Oregon State University recognizes that online tools, forum, and networks provide opportunities for furthering student engagement in course work. This policy attempts to honor that, while ensuring students’ rights are observed. The Family Education Rights and Privacy Act of 1974 (FERPA) outlines the protections of a student’s education record. This includes any work completed as a part of the student’s registration in a course. Courses that use social media or other online tools for course engagement must either: a) create an environment only accessible by those in the class, b) obtain student consent to display identifying information about the student and their enrollment in the course or c) anonymize the student’s enrollment in the course.

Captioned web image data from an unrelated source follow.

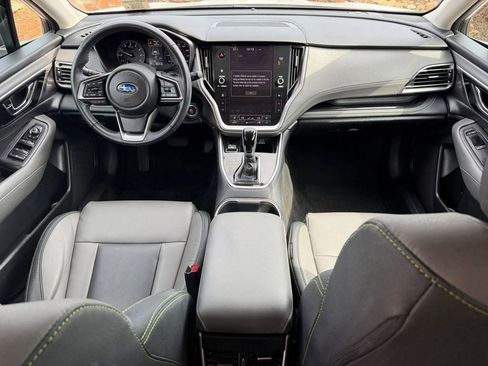 Certified 2023 Subaru Outback Onyx Edition image 12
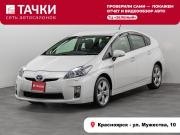 Toyota Prius III (XW30) Красноярск  - изображение 23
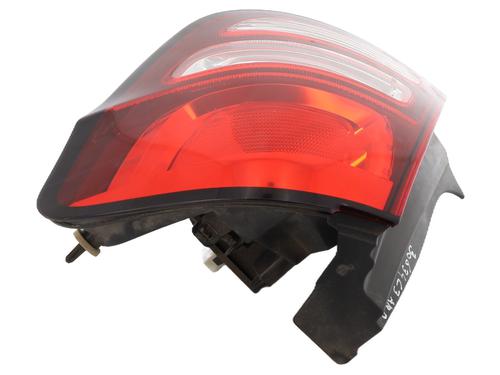 Right taillight CITROËN C3 II (SC_) 1.4 HDi 70 (SC8HZC, SC8HR0, SC8HP4) | BP24462937C35 - Image 3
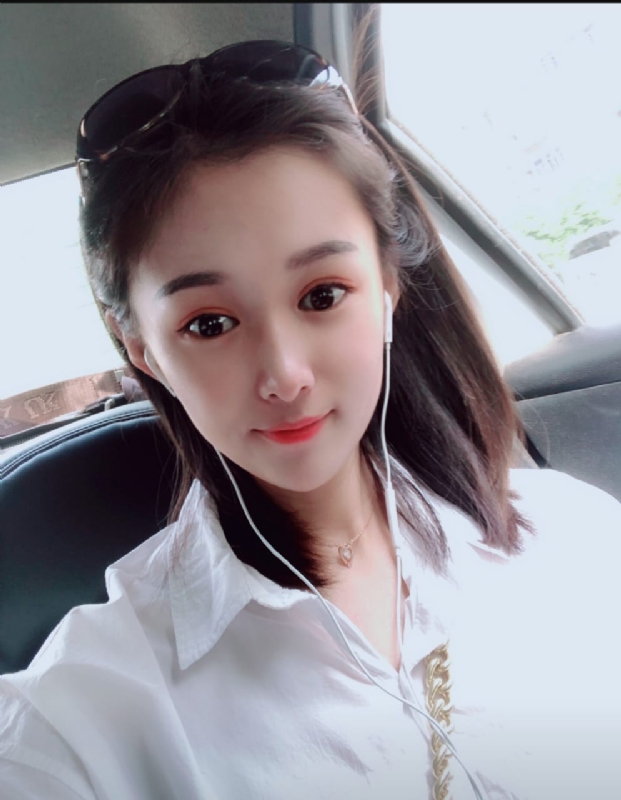 馨月的第一张照片--莆田相亲服务中心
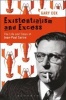 Existentialism and Excess: The Life and Times of Jean-Paul Sartre (Hardcover) - Gary Cox Photo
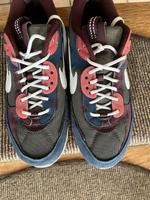 Nike Air Sneaker Hessen - Seeheim-Jugenheim Vorschau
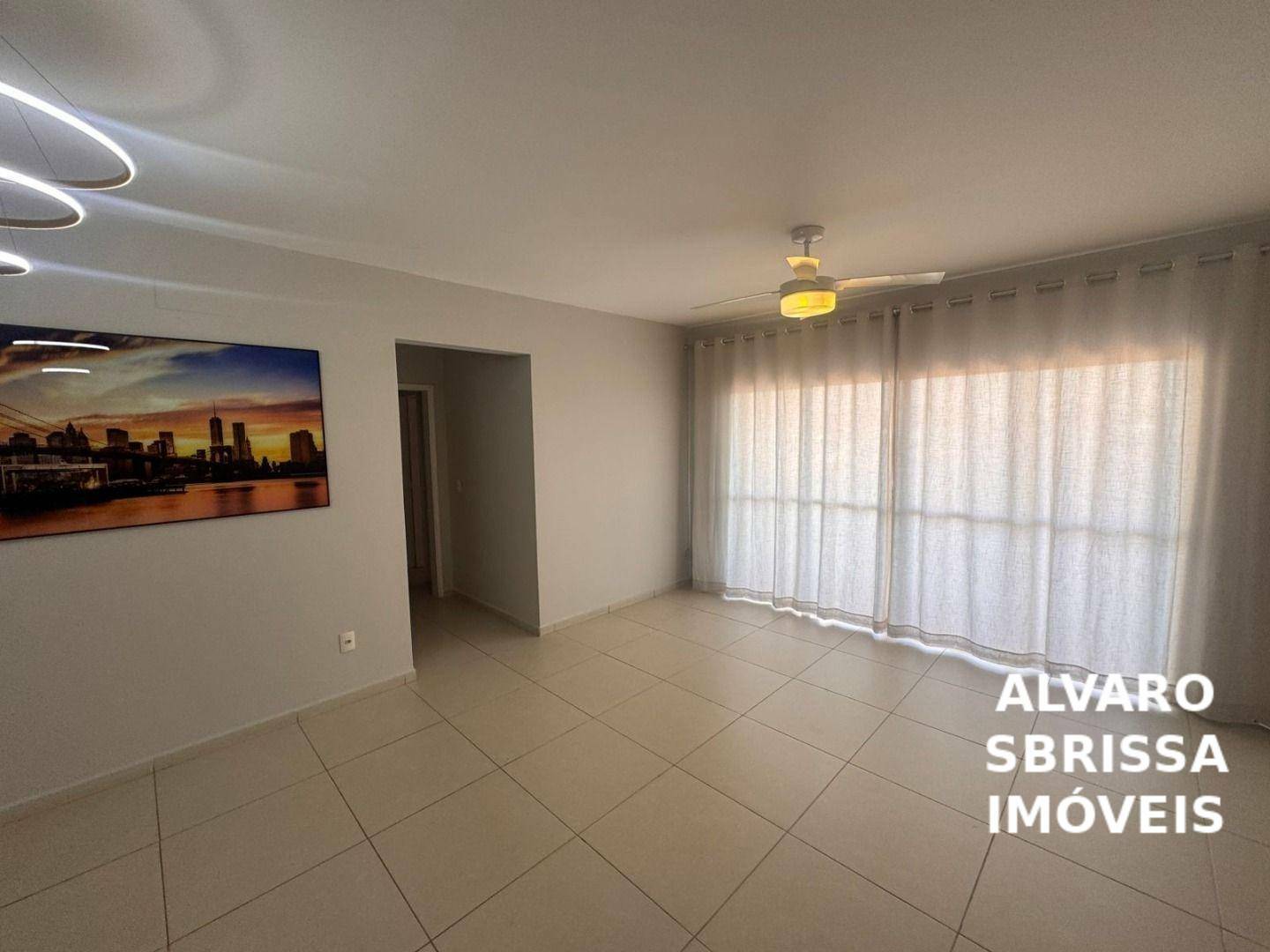 Apartamento, 3 quartos, 134 m² - Foto 1
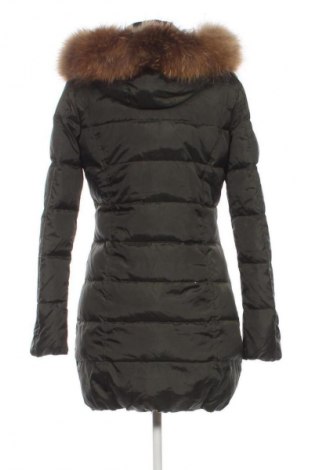 Γυναικείο μπουφάν Bomboogie, Μέγεθος S, Χρώμα Πράσινο, Τιμή 61,99 €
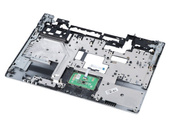 Palmrest + Touchpad do Fujitsu LifeBook S751 U6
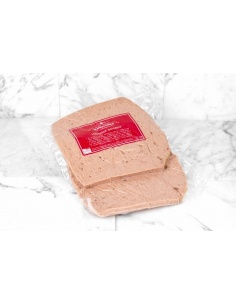 Natural Leberkäse 2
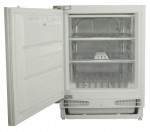 Buzdolabı Weissgauff WIU 1100 59.50x81.80x54.80 sm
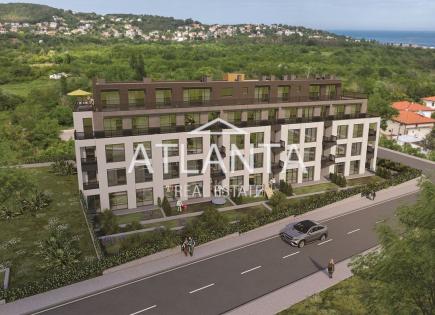 Апартаменты за 216 764 евро в Виница, Болгария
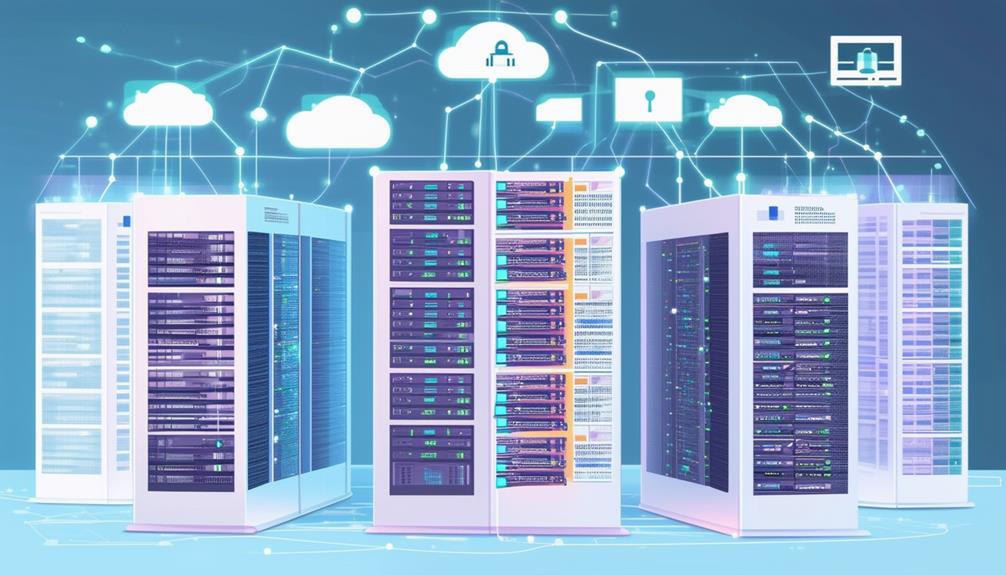 explanation of multi tenant architecture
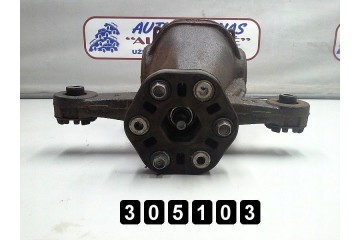 2006 Lexus IS Differential 32H061103W1015 Catalog number of substitutes AM 305103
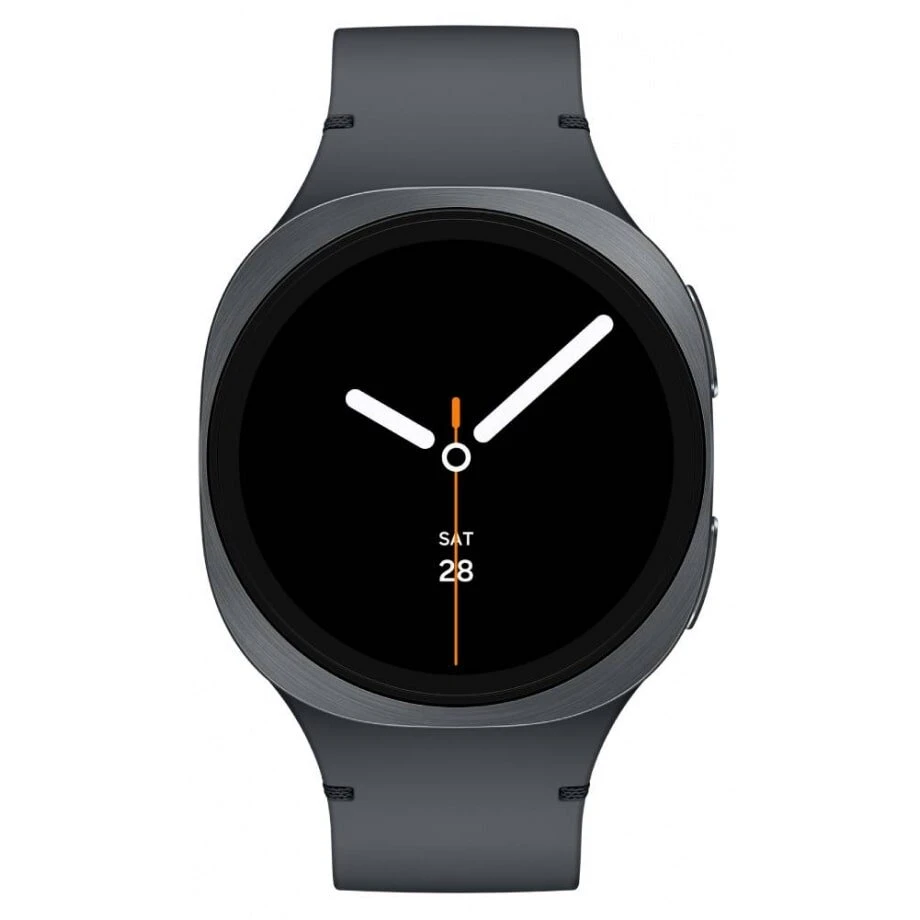 Умные часы Samsung Galaxy Watch8 LTE 44mm Черный (Graphite)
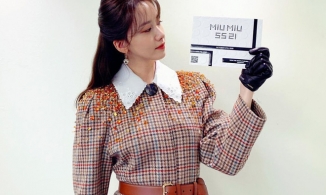 Sao Hàn dự Fashion Week qua livestream: G-Dragon chất lừ, Yoona ngọt ngào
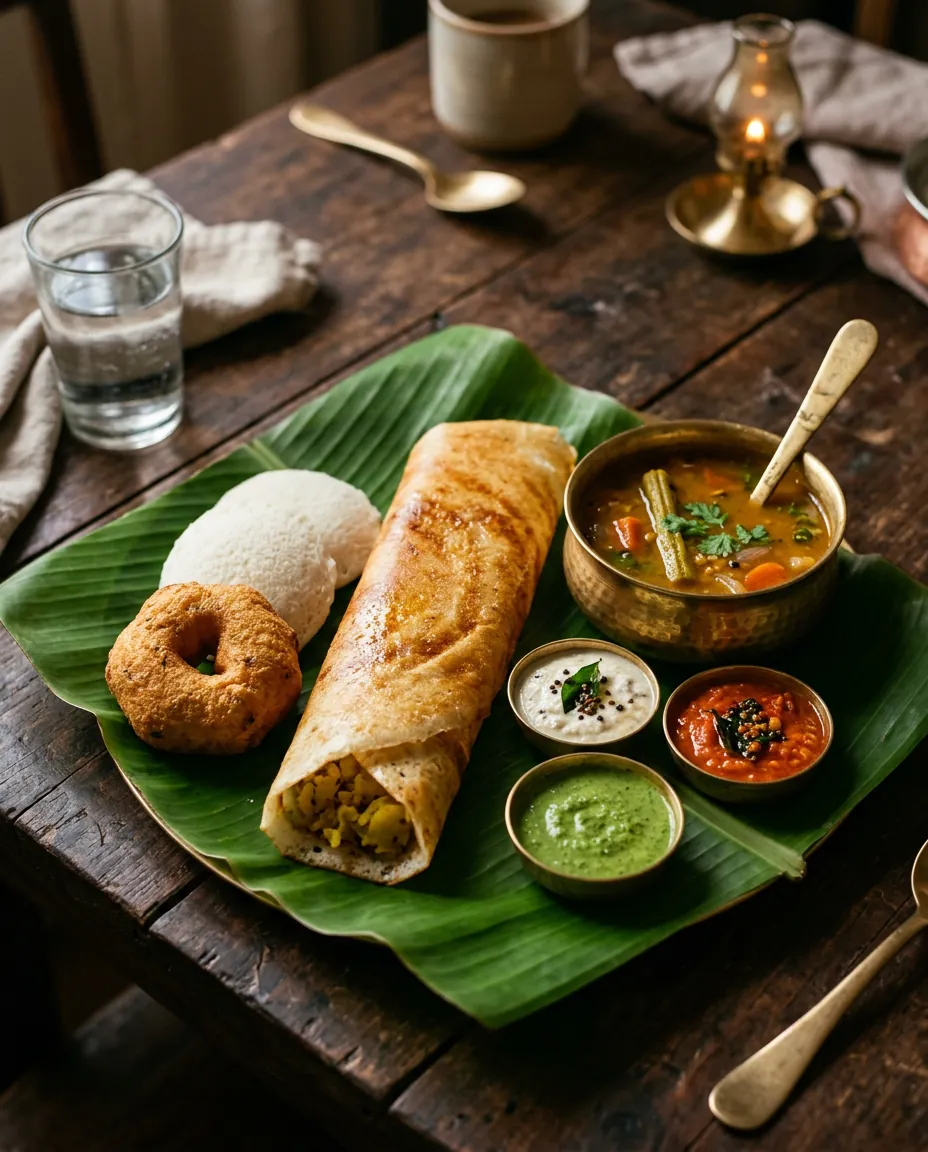 South Indian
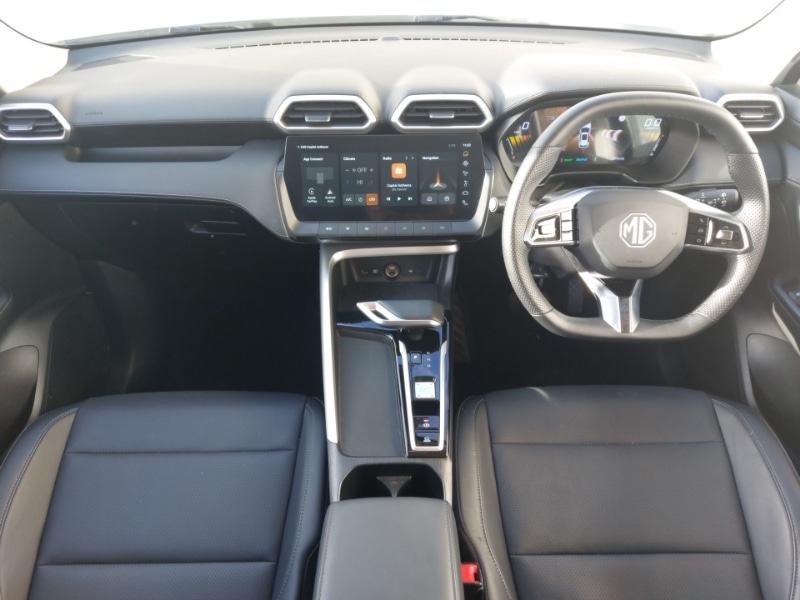 Used MG MG ZS 2024 for sale - 76911889: Photo 2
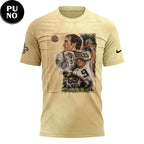 New Orleans Saints Drew Brees Hall of Fame Class of 2026 Hoodie T-Shirt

**Note:  FERPA violations involve releasing education data that is not considered directory information. E.g., You write the name of the course on a blog and ask students to post on the blog—this displays that a student is enrolled in the course, which is protected data under FERPA. This would not be acceptable unless students consent to have their names appear on the course blog. However, you may remove the name of the course on the blog and ask students to post on the blog. Note that any student with a confidential flag cannot be expected to use their name for course work that will appear publicly.

Methods for obtaining consent:

In your course syllabus, note that the course will engage with online tools that may display the name of the course, the University, and/or student name(s). Ask students to fill out a form, such as the one attached, to determine if they would like to participate in the public forum. If there is no way for students to participate without releasing their education data, the engagement with the online tool will need to be changed. Students cannot be penalized for refusing to consent.

Other ways to use online tools without obtaining student consent:

  • Create a private environment that will not be accessible to those not registered for the course.
  • Ask students to create a pseudonym at the beginning of the term that only you will know.
  • Remove any course and University designation from the page, group, hashtag, et. al.
  • Ask students to turn in their submissions to the site, forum, or other online tool directly to you.